How to deal with Cow<str> in a HashMap/Vector?

I have another question regarding the QueryString struct.

I have extended to original code to actually decode the URL-encoding (percent encoding) of the query parameters. For this purpose I use the urlencoding::decode() function.

Now, I understand that I can no longer store &str in the HashMap and in the Value, because the string that comes in as &str needs to be modified when it gets decoded, so we now need an owned String.

Changing HashMap and Value to store Strings is easy enough.

Here is what confuses me:
The urlencoding::decode() function returns a value of type Cow<str>, where I'd expect a String. I'm not exactly sure what is the purpose of Cow<str> here. To my understanding, Cow<str> is a sort of string that will be cloned automatically as soon as it is modified ("copy on write").

Anyway, I can convert Cow<str> into a "normal" String by calling .into_owned(). But is this the "proper" thing to do here? I assume that this triggers a clone() right away, correct? Is there a better alternative?

(after all, I could wrap a Cow<str> into the HashMap and in the Value, instead of a "normal" String, I think)

Thank you for any suggestions!

I think the point of Cow<str> is that the decoding process might be able to just return the original data, but if any characters are escaped it needs to create a new string.

3 Likes

It will only clone() if it’s storing an &str; if it’s already holding a String, you’ll be handed that without any additional allocation.

1 Like

I think the point of Cow<str> is that the decoding process might be able to just return the original data, but if any characters are escaped it needs to create a new string.

It will only clone() if it’s storing an &str; if it’s already holding a String, you’ll be handed that without any additional allocation.

Okay, this makes sense!

Still, I need all strings to be the same type, so that they can be used as key in a HashMap or stored in a Value. What should I do with the Cow<str> objects? Should I convert them all to String right away?
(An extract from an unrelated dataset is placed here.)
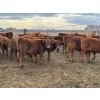 Image 3 : Wayne & Brian Slenders - 750# December Delivery Weaned Steers - 69 Head (Scandia, AB)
The alternative would be to make the HashMap and Value store Cow<str> elements. I think this would avoid having to allocate an actual String in the cases where the Cow<str> wraps the original &str. But, then, how do I implement my QueryString::get() -> Option<&Value> function ???

(After all, we don't want to expose Cow<str> to the user of QueryString, but &str or maybe String)

I would convert them to String. Otherwise your HashMap has a lifetime parameter.

I would convert them to String. Otherwise your HashMap has a lifetime parameter.

Wouldn't this be fine, because the struct QueryString has a lifetime parameter anyway?

In that case it's fine; it's just easier to deal with owned values.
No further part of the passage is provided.